The entrances to these cellars are closed by iron gateways, and on the skirts of the vineyards we come upon whole rows of them picturesquely overgrown with ivy.

Early in the last century the wine vintaged in the Clos St. Pierre, belonging to an abbey of this name at Châlons, acquired a high reputation through the care bestowed upon it by Brother Jean Oudart, whose renown almost rivalled that of Dom Perignon himself, and to-day the Pierry vineyards, producing exclusively black grapes, hold a high rank among the second-class crûs of the Marne.

Crossing the Sourdon, a little stream which, bubbling up in the midst of huge rocks in the forest of Epernay, rushes down the hills and mingles its waters with that of the Cubry, we soon reach Moussy, where the vineyards, spite of their long pedigree and southern aspect, also rank as a second crû. Still skirting the vine-clad slopes we come to Vinay, noted for an ancient grotto—the comfortless abode of some rheumatic anchorite—and a pretended miraculous spring to which fever-stricken pilgrims to-day credulously resort. The water may possibly merit its renown, but the wine here produced is very inferior, due no doubt to the class of vines, the meunier being the leading variety cultivated. At Ablois St. Martin, picturesquely perched partway up a slope in the midst of hills covered with vines and crowned with forest trees, the Côte d’Epernay ends, and the produce becomes of a choicer character.

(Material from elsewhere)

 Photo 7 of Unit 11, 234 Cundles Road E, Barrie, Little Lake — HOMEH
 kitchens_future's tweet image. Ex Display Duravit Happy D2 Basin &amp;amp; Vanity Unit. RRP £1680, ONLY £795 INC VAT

The Côte d’Avize lies to the south-east, so that we have to retrace our steps to Pierry and follow the road which there branches off, leaving the vineyards of Chavot, Monthelon, and Grauves, of no particular note, on our right hand. We pass through Cuis, where the slopes, planted with both black and white varieties of vines, are extremely abrupt, and eventually reach Cramant, one of the grand premiers crûs of the Champagne. From the vineyards around this picturesque little village, and extending along the somewhat precipitous Côte de Saran—a prominent object on which is M. Moët’s handsome château—there is vintaged a wine from white grapes especially remarkable for lightness and delicacy and the richness of its bouquet, and an admixture of which is essential to every first-class champagne cuvée.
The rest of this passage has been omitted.